Le elezioni erano previste per il 2025 ma il presidente in carica ha deciso di convocarle in anticipo di oltre un anno. Ilham Aliyev si è presentato al voto come l’eroe che ha riunificato il Paese, colui che è stato in grado di rimediare alla cocente sconfitta del 1993 (che aveva segnato l’inizio di quasi 30 anni di governo separatista filo-armeno) e come grande stratega geopolitico grazie all’alleanza di ferro con la Turchia, alleato fondamentale nelle guerre contro Erevan, e ai buoni rapporti con Mosca, che ha scelto Baku nonostante il trattato di mutuo soccorso militare che la legava all’Armenia.
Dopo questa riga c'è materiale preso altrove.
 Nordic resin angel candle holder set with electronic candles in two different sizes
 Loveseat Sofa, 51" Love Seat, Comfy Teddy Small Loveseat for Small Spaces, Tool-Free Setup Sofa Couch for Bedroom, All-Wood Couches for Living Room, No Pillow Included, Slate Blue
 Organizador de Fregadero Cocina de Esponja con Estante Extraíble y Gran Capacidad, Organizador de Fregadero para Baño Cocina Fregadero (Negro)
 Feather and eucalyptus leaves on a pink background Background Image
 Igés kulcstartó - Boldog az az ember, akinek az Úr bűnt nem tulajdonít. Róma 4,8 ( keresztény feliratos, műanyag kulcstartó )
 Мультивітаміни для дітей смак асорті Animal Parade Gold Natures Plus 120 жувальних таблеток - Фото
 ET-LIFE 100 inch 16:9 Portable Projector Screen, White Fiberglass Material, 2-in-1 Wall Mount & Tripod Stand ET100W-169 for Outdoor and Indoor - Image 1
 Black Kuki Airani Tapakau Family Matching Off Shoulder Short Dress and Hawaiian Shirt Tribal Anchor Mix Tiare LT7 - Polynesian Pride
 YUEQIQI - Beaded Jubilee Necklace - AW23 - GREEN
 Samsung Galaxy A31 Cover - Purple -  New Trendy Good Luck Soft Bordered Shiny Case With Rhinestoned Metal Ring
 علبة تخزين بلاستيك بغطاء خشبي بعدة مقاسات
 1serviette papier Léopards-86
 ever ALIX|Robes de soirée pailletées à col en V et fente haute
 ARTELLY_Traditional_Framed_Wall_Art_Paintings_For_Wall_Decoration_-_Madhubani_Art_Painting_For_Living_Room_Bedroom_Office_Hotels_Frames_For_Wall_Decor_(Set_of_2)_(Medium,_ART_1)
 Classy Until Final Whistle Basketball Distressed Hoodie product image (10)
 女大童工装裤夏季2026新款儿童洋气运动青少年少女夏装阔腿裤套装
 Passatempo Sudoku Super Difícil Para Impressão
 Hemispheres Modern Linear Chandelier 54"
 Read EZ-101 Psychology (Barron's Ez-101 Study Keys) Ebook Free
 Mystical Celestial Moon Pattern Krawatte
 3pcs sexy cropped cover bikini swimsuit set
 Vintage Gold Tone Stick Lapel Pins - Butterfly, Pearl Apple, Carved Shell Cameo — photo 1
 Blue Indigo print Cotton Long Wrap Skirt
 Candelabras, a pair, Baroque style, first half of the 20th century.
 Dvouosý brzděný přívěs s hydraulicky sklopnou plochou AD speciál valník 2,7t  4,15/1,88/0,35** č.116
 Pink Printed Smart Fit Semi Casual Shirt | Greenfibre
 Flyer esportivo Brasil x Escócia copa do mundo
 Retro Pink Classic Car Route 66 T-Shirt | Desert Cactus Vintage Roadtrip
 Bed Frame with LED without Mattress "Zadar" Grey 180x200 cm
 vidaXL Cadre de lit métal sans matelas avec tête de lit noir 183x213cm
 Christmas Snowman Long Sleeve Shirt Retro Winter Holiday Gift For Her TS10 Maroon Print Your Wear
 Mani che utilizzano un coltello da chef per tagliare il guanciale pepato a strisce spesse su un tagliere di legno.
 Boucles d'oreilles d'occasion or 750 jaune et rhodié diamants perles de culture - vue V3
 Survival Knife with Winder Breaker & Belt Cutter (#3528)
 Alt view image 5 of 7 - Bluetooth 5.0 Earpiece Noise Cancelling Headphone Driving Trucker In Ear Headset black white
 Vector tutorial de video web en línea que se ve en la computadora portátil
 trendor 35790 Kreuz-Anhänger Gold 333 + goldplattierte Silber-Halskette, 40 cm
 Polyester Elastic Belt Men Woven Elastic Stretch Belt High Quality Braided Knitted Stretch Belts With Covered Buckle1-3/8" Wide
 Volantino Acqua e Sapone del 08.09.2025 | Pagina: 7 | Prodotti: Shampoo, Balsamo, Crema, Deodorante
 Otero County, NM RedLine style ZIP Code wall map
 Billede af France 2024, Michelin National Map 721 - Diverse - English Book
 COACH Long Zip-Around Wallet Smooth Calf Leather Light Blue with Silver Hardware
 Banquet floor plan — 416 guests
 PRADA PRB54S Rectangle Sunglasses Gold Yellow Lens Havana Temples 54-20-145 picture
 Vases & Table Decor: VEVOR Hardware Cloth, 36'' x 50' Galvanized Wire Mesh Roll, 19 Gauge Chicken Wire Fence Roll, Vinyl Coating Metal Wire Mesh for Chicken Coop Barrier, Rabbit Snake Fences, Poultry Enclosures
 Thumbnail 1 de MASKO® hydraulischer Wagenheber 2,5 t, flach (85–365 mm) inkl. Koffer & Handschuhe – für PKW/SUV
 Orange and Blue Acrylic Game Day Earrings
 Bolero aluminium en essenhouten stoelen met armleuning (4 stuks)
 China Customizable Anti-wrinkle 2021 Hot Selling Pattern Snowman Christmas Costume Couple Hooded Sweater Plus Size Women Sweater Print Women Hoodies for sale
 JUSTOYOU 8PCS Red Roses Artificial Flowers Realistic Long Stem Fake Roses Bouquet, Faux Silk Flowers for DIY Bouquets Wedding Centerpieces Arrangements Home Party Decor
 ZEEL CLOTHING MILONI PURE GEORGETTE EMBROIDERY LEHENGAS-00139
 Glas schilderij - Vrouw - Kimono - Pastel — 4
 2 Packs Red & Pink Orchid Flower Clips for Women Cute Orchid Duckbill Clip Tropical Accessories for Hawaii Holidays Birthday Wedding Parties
La guerra tra Ucraina e Russia, inoltre, ha permesso all’Azerbaigian di aumentare significativamente le esportazioni di idrocarburi verso l’Occidente, contribuendo a far crescere il pil.

Nonostante l’Azerbaigian sia formalmente una repubblica, Aliyev è succeduto come un monarca a suo padre, Gaydar Aliyev, che aveva “abdicato” nel 2003 lasciandogli il ruolo di presidente poco prima di morire. Gayday Aliyev a sua volta era stato deus ex machina del Paese per quasi 30 anni, partendo da capo del Kgb azero fino a diventare primo presidente dello stato post-sovietico. Dunque la dinastia Alyiev è di fatto al potere da oltre 40 anni a Baku e alle elezioni di oggi, che seguono quelle plebiscitarie del 2018, sfiderà ben 6 candidati. Tutti, stando ai sondaggi, senza speranza. Secondo le associazioni umanitarie e i gruppi di attivisti il periodo pre-elettorale è stato segnato da arresti sommari, repressione del dissenso e della libertà di stampa. Denuncia Amnesty international: «Dal novembre 2023 le autorità di Baku hanno arrestato 13 dissidenti pacifici, tra i quali giornalisti, oppositori politici e un difensore dei diritti umani. Almeno 11 di loro sono tuttora in carcere per dubbie accuse. Molte altre persone, giornalisti inclusi, sono fuggiti all’estero per il timore di persecuzioni». Una missione dell’Osce, composta anche da membri italiani, si trova a Baku per vigilare su elezioni che si annunciano già poco trasparenti.